3. convex, since $$G''(x) \geq 0$$,

4. $$G(1) = 1$$,

we see that the graph of $$y = G(x)$$ will intersect the graph of $$y = x$$ at $$x = 1$$, and that the two graphs will have a smaller non-negative point of intersection if and only if $$G'(1) > 1$$. The condition $$e = 1$$ holds if and only if the smallest non-negative point of intesection is $$1$$, which is equivalent to the condition $$G'(1) = \mu \leq 1$$, arriving at the result.

From the definition of the probability of extinction, it follows that if $$\mu \leq 0$$, then $$X_t \to 0$$ in probability. Further, if the inequality is strict, $$\mu < 1$$, then $$X_t \to 0$$ in mean square - this does not hold for $$\mu = 1$$.

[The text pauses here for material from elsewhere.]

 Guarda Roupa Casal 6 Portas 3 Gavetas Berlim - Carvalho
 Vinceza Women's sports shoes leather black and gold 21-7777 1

Proof: Convergence of a branching process in probability and in mean-square

To show that $$X_t \to 0$$ in probability, suppose $$\mu \leq 1$$, let $$\epsilon > 0$$ and consider

\begin{split}\begin{align} \mathbb{P}(X_t > \epsilon) &= 1 - \mathbb{P}(X_t \leq \epsilon)\\ &= 1 - \big(\mathbb{P}(X_t = 0) + \mathbb{P}(0 < X_t \leq \epsilon)\big). \end{align}\end{split}

From the extinction survival theorem, $$\mathbb{P}(X_t = 0) \to 1$$ as $$t \to \infty$$ so

\begin{align} \mathbb{P}(X_t > \epsilon) &= 1 - \big(\mathbb{P}(X_t = 0) + \mathbb{P}(0 < X_t \leq \epsilon)\big) \leq 1 - \mathbb{P}(X_t = 0) \to 0, \text{ as } t \to \infty, \end{align}

and $$X_t \to 0$$ in probability. We now treat the mean-square case. Consider

\begin{align} \mathbb{E}(X_t^2) &= \text{Var}(X_t) + \mathbb{E}(X_t)^2. \end{align}

Using the law of total variance

\begin{split}\begin{align} \text{Var}(X_t) &= \text{Var}_{X_{t - 1}}(\mathbb{E}_{X_t}(X_t | X_{t - 1})) + \mathbb{E}_{X_{t - 1}}(\text{Var}_{X_t}(X_t | X_{t - 1}))\\ &= \text{Var}_{X_{t - 1}}(\mu X_{t-1}) + \mathbb{E}_{X_{t - 1}}(X_{t - 1} \sigma^2)\\ &= \mu^2 \sigma_{t - 1}^2 + \mu^t \sigma^2 \end{align}\end{split}

Proceeding recursively, we obtain

\begin{split}\begin{align} \sigma_1^2 &= \sigma^2 \\ \sigma_2^2 &= \mu \sigma^2 + \mu^2 \sigma^2\\ &~\vdots \\ \sigma_t^2 &= \mu^{t-1} \sigma^2 + \mu^t \sigma^2 + ... + \mu^{2t - 1} \sigma^2, \end{align}\end{split}

which is a geometric sum. In the special case of $$\mu = 1$$, we see that $$\sigma_t^2 = t \sigma^2$$. If $$\mu \neq 1$$, we can use the geometric sum to obtain

\begin{align} \sigma_t^2 &= \sigma^2 \mu^{t - 1} \frac{1 - \mu^t}{1 - \mu}. \end{align}

Substituting these results into the expression for $$\mathbb{E}(X_t^2)$$ we obtain

\begin{split}\begin{align} \mathbb{E}(X_t^2) = \begin{cases} 1 + t\sigma^2 & \text{ if } \mu = 1\\ \mu^{2t} + \sigma^2 \mu^{t - 1} \frac{1 - \mu^t}{1 - \mu} & \text{ if } \mu \neq 1. \end{cases} \end{align}\end{split}

Therefore $$\mathbb{E}(X_t^2) \to 0$$, implying that $$X_t \to 0$$ in mean-square if and only if $$\mu < 1$$.